- Genre: Soap opera Drama Psychological thriller Mystery Serial drama
- Created by: Mike Kelley
- Based on: Revenge by Mike Kelley The Count of Monte Cristo by Alexandre Dumas
- Directed by: Ruchi Narain
- Starring: Raveena Tandon; Namrata Sheth; Varun Sood; Vikramjeet Virk;
- Country of origin: India
- Original language: Hindi
- No. of seasons: 1
- No. of episodes: 7

Production
- Executive producer: Mike Kelley
- Producer: Ashutosh Shah
- Cinematography: Bhushankumar Jain
- Camera setup: Single-camera
- Running time: 45 minutes
- Production companies: R.A.T Films; ABC Signature;

Original release
- Network: Disney+ Hotstar
- Release: 26 January 2024

Related
- Revenge

= Karmma Calling =

2024 Indian primetime drama thriller television series

Karmma Calling is an Indian Hindi-language primetime drama thriller television series on Disney+ Hotstar, directed by Ruchi Narain. Produced by Ashutosh Shah under the banner of R.A.T Films and ABC Signature, it stars Raveena Tandon, Namrata Sheth, Varun Sood And Vikramjeet Virk. It is the Indian remake of ABC TV series Revenge created by Mike Kelley. The plot is inspired by Alexandre Dumas' 1844 novel The Count of Monte Cristo, and premiered on January 26, 2024.

== Premise ==
A young woman, Karma Talwar poses as a new resident and returns to an affluent beachside town, Alibaug, in order to seek revenge on the families that wronged her father 20 years earlier.

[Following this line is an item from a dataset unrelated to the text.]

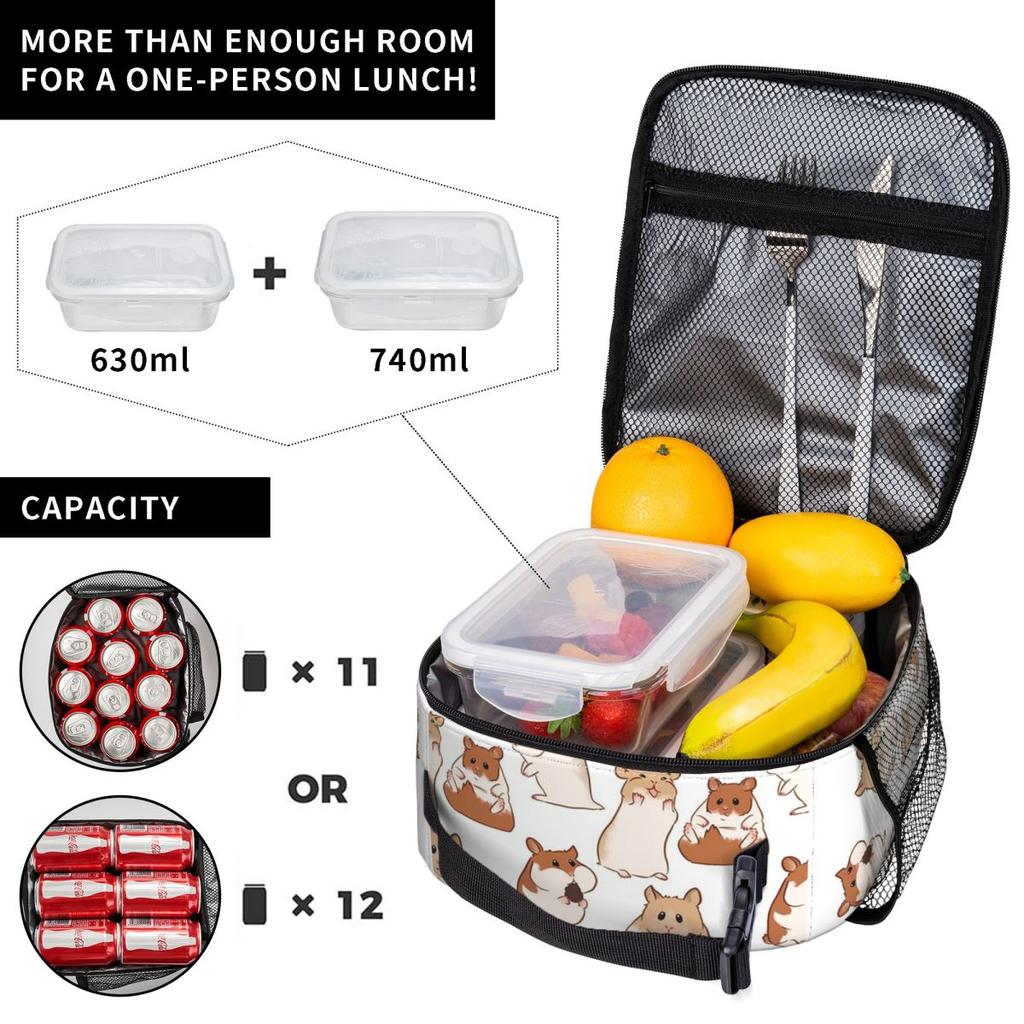 Cute Hamster Pattern Insulated Lunch Bag for Women Children Portable Food Boxes Thermal Lunch Box Tote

In the midst of her plan, she uncovers secrets, lies, and affairs, and finds herself in multiple dangerous situations that could tear the beachside town apart.

==Cast==
- Raveena Tandon as Indrani Kothari
- Namrata Sheth as Karma Talwar/Ambika Mehra
- Varun Sood as Ahaan Kothari
- Vikramjeet Virk as Sameer
- Rachit Singh as Vedang
- Viraf Patel as Zane Khan
- Gaurav Sharma as Kaushal Kothari
- Waluscha De Sousa as Dolly Bhatia
- Devangshi Sen as Mira Kothari
- Piyush Khati as Dash
- Amy Aela as Yana
- Ahmed Masi Wali as Krish
- Rohit Roy as Satyajit Mehra

==Production==
It is based on Mike Kelley's Revenge. The series was announced on Disney+ Hotstar. Raveena Tandon, Namrata Sheth and Varun Sood were signed as the lead. The teaser of the series was released on December 14, 2023.